Décroître nécessite en effet la sobriété et il y a deux manières de la mettre en œuvre. La première est d’y être contraint : par exemple, les matières premières se raréfient et les ressources énergétiques deviennent hors de prix. La décroissance est alors imposée par la nécessité. La seconde est celle que les États européens semblent vouloir adopter : la sobriété volontaire. Les circonstances sont toujours favorables et vous vivez une situation de relative abondance. Mais, pour une raison quelconque (ici la peur d’une catastrophe future), vous décidez de vivre dans la simplicité. C’est l’histoire de l’homme voulant se faire ermite : insatisfait de sa vie de consommateur, il décide de rejoindre un monastère. Accédant à la vie spirituelle, il s’éloigne d’une vie trop exclusivement « matérielle ». Mais, comme on le comprend, il s’agit d’une démarche isolée et le désir de simplicité de l’individu n’emporte pas avec lui « le reste du monde ».
Marché de dupes
Pour préserver la planète ou les ressources, les États européens veulent rejoindre un ermitage. Pourtant, il n’y a aucune raison que les autres pays les suivent dans cette démarche d’autolimitation. Quelles que soient les spéculations sur l’avenir, les biens et les ressources seront utilisés avec une intensité proportionnelle à leur disponibilité. Lorsque le monastère gagne un nouvel adepte, les bistrots, les casinos et les maisons closes continuent de tourner à plein régime… La sobriété, si elle n’est pas imposée par les circonstances, ne peut avoir d’incidence à l’échelle globale. L’exploitation des ressources fossiles continuera d’aller bon train et les « économies » réalisées par les ermites de tous poils profiteront aux plus malins : aux États désireux de se développer, aux multinationales heureuses de pouvoir commercer et à l’hyper-classe mondialisée trop contente de poursuivre son mode de vie dispendieux.
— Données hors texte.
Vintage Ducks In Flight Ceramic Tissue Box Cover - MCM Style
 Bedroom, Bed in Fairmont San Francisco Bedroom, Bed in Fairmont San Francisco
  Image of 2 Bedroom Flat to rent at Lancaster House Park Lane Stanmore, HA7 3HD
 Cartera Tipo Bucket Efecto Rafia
Voilà une limite majeure à la décroissance, une nouvelle déclinaison du fameux « effet rebond », bien connu en économie de l’environnement. Les économies réalisées d’un côté sont réinvesties immédiatement de l’autre. Ce satané effet rebond a réduit à néant un nombre considérable de politiques environnementales. Une étude anglaise a ainsi récemment démontré l’échec complet des programmes d’isolation thermique des bâtiments : dans les logements ayant bénéficié des programmes de rénovation énergétique, les habitants, avec l’argent économisé, ont naturellement décidé d’augmenter la température pour gagner en confort… Résultat : aucun effet sur la consommation d’énergie !
Survivre grâce à la générosité des autres
D’aucuns diront que les États européens, grâce aux actions menées dans le cadre de la simplicité volontaire, seront mieux préparés pour résister aux circonstances défavorables qui ne manqueront pas de se présenter bientôt. Mais, lorsque l’écureuil se prépare à l’hiver, il consomme non seulement son indispensable ration quotidienne, mais encore, en les dissimulant ici ou là, toutes les denrées disponibles qui lui serviront demain. Il faut avoir l’intelligence de profiter des largesses du présent pour mieux résister aux affres de l’avenir…
On pourra, malgré l’échec annoncé, choisir le dénuement, mettre en œuvre la simplicité volontaire, planifier la décroissance de la consommation des ressources fossiles, des matières premières et pourquoi pas, tout simplement, s’engager dans la voie de la décroissance du PIB. Pour assurer un minimum de bien-être aux ermites que nous serons devenus, il faudra alors prier pour que persiste la tradition de l’aumône. Car, depuis la nuit des temps, l’ermite survit grâce à la générosité du voisinage qui l’aide à se nourrir et se vêtir. L’aumône a toujours fait partie de son « modèle économique ». Alors, espérons que nos gentils voisins les écureuils fassent perdurer la tradition car, de toute évidence, il nous faudra pouvoir compter sur eux.